Last item to show you regarding `table1()` is that it can be printed in a simplified and condensed form. This instead of reporting counts and percentages for categorical variables, it reports only percentages and the table has much less white space.
```{r simple_table1.1}
table1(df, a, b, d, "new var" = ifelse(a > 1, 1, 0),
       splitby = ~factor(c), 
       test = TRUE,
       type = c("simple", "condensed"))
```


## Table C

This function is to create simple, beautiful correlation tables. The syntax is just like `table1()` in most respects. Below we include all the numeric variables to see their correlations. Since there are missing values in `d` we will use the natural `na.rm=TRUE`.

```{r tableC.1}
tableC(df, 
       a, b, d,
       na.rm = TRUE)
```

All the adjustments that you can make in `table1()` can be done here as well. For example,

```{r tableC.2}
tableC(df, 
       "A" = a, "B" = b, "D" = d,
       na.rm = TRUE,
       output = "html")
```

## Table F

This function is to create simple frequency tables.
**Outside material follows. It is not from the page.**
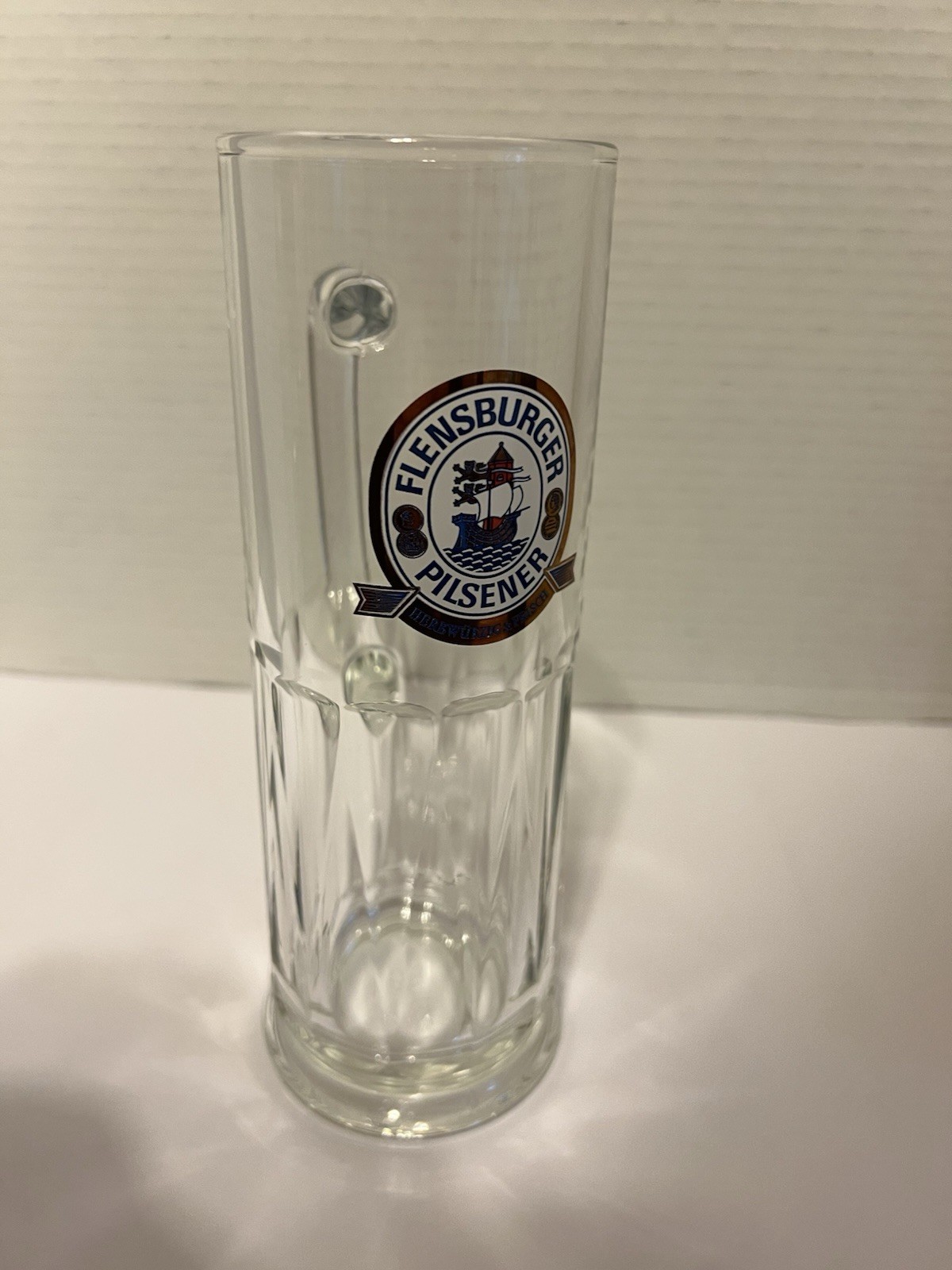 Flensburger Pilsener Herbwurzig & Frisch 0.5 L Beer Mug 8" Tall-Slender-German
The syntax is just like `table1()` and `tableC()` in most respects, except that it uses only one variable instead of many.

```{r tableF.1}
tableF(df, a)
```

Similarly to `table1()` we can use a `splitby` argument (or `group_by()`).

```{r tableF.2}
tableF(df, d, splitby = c)
```

```{r tableF.3}
df %>%
  group_by(c) %>%
  tableF(d)
```


## Table X

Lastly, `tableX()` is a pipe-able two-way version of `table()` with a similar syntax to that of the rest of the `furniture` functions.

```{r tableX.1}
df %>%
  tableX(c, ifelse(d > 500, 1, 0))
```

By default, it provides the total counts for the rows and columns with flexibility as to what is displayed and where.


## Conclusion

The four functions: `table1()`, `tableC()`, `tableF()`, and `washer()` add simplicity to cleaning up and understanding your data. Use these pieces of furniture to make your quantitative life a bit easier.